No City is an Island: Cambridge, Brexit and the Bubble-Myth

Olivia Sutherland 21 May 2019
Source: Pixabay

Whimsical conversations in the sun-drenched haven of garden parties, tweed-clad elderly gentlemen uttering twinkle-eyed witticisms over an evening port; the perfect English summer. The golden glow of nostalgia which enshrines discourse about our historic university can give the impression that Cambridge exists in an eternal neverland: cosy, independent and quirkily resistant to change.

Students of Cambridge know that this image is rather naïve. In an increasingly competitive academic milieu and job market, most of us spend more daylight hours glued to a library desk than cavorting outdoors with free-spirited abandon and a glass of Pimm’s, despite the national media’s regular attempts to suggest otherwise. Moreover, it is perhaps for the best that twinkly-eyed elderly gentleman are looking rather thin on the ground these days, with the average age of academic staff at forty-two in 2016.

Yet the cultural myth of Cambridge as an atemporal idyll subject to its own laws does persist within student society: from bops and bedders to the infamous fact that May Week happens in June, we are immersed in language and laws without application anywhere else. Supported by our historical separation, we’ve even invented a term for this insular status: the Cambridge bubble. Perhaps it is time to examine the way Cambridge culture is preserved artificially by the notion of long Cambridge-specific traditions, and re-situate this culture in a wider political context.

But does our collective, termly denial that anything worth talking about exists outside the parameters of Cambridge university have a real political impact? Though of course not a universal student experience, the swiftness with which bright, politically-engaged young students – one might say, the very people we would hope were readying themselves to make change in this volatile international political moment – can become oblivious to a news-cycle broader than student-politics at Cambridge, is much-remarked upon. In fact, under the guise of being a mere feature of the bubble, this ennui seems paralleled in the national mood. With a national debate about democracy and popular participation having rattled on since the 2016 referendum, the tedious, confounding and endlessly repetitive pantomime of government-delivered Brexit is ironically perhaps the most disengaging and wearying political spectacle imaginable for most UK citizens. We might pause to consider the fact that, however desperate the Tories’ agonising failure to deliver Brexit might look, the mind-numbing effect of constant stalemate over Brexit agreements serves the interests of precisely the small, elite group currently in power, subduing the anxiety and rage which found its demonstration in the Brexit debate, under a blanket of hopelessness and disenfranchisement.
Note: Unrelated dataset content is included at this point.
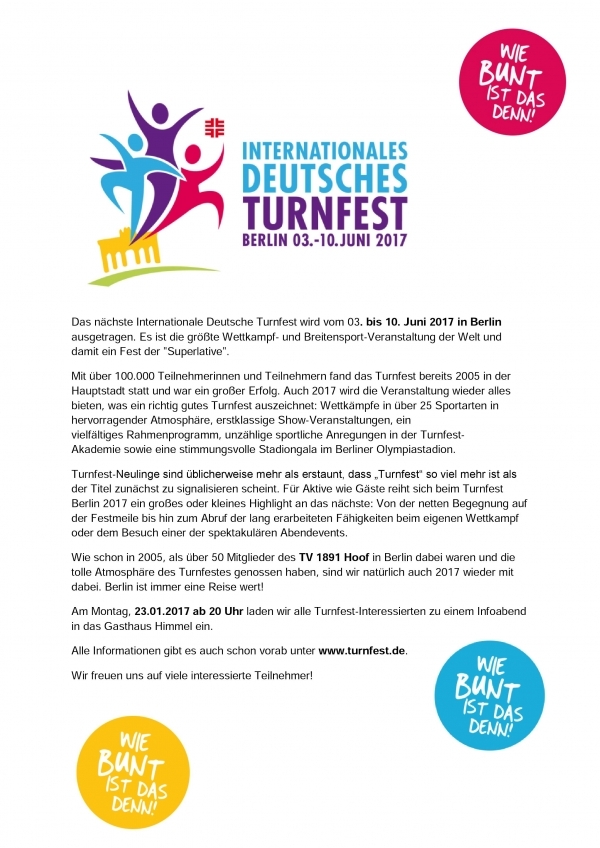 Infoveranstaltung Turnfest Berlin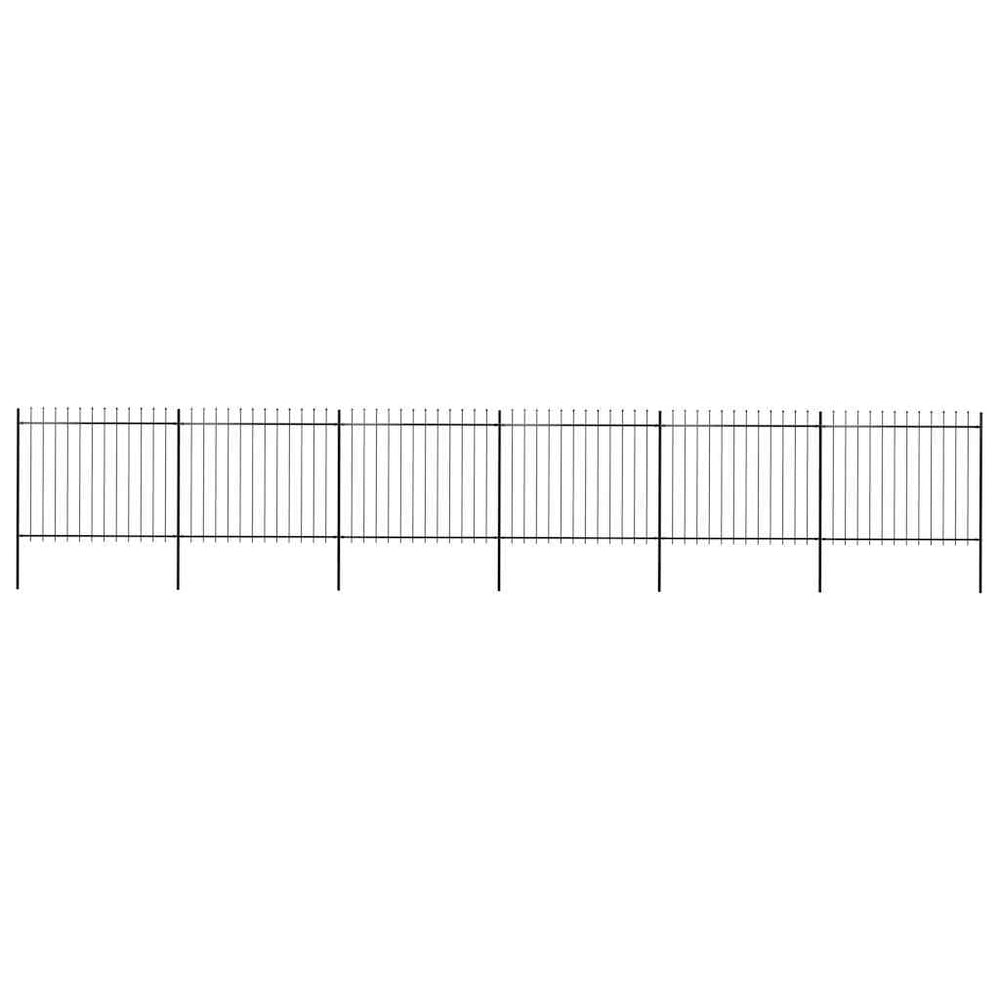 vidaXL Garden Fence with Spear Top Steel 1070 x 150 cm Black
Little wonder that over-worked students, passionate as they may be about certain intersections between Cambridge and global politics (such as university divestment from fossil fuels), turn their back on this uninspiring display. But the more we focus our gaze inward, the more we come to parallel that very same insular group at the top of national politics which have so wearied us. Our identities become founded on separatism: our own special terminology, our own special club, even our ‘relatable’ Cambridge experiences. We find more narrow ways to categorise ourselves all the time, be it with the heavy-handed gatekeeping of cultish society rituals or the subtler jokes which we use to distinguish ourselves from whatever kind of Cambridge student we do not wish to be associated with. But the notion of the Cambridge bubble helps us to naturalise this separatism, eliding over the sources of Cambridge cliques as often having class-based roots in the most prestigious public-school networks, and the future of these cliques in the graduate job market, as just part of what makes Cambridge, Cambridge. We are reminded of how arch-Brexiteer Jacob Rees-Mogg made clear in 2012, years before Brexit was an immediate possibility, that he was ‘in favour of nannies, not the nanny-state’. By associating his moneyed childhood in the elite and largely inaccessible experience of having a nanny, and his anti-Big-Government stance, Rees-Mogg makes the link between our formational experiences of insular privilege and a subsequent rejection of collectivism completely transparent. For without the intervention of a governing body to distribute both resources and justice, in an island without higher law, those with money and power hold on to them.

Cambridge voted to remain in the EU in 2016; the parochial attitude of an island-nation, which many Cambridge students are so indignant to find thrown up by the Brexit debate, nonetheless finds its parallel in an inward-looking discourse which positions Cambridge as an eternal historical exception to the rules. Because the Cambridge bubble isn’t a bubble at all: it’s a mirror. A distorted mirror, magnifying certain social groups beyond proportion and diminishing others until almost invisible, but a mirror to British society nonetheless.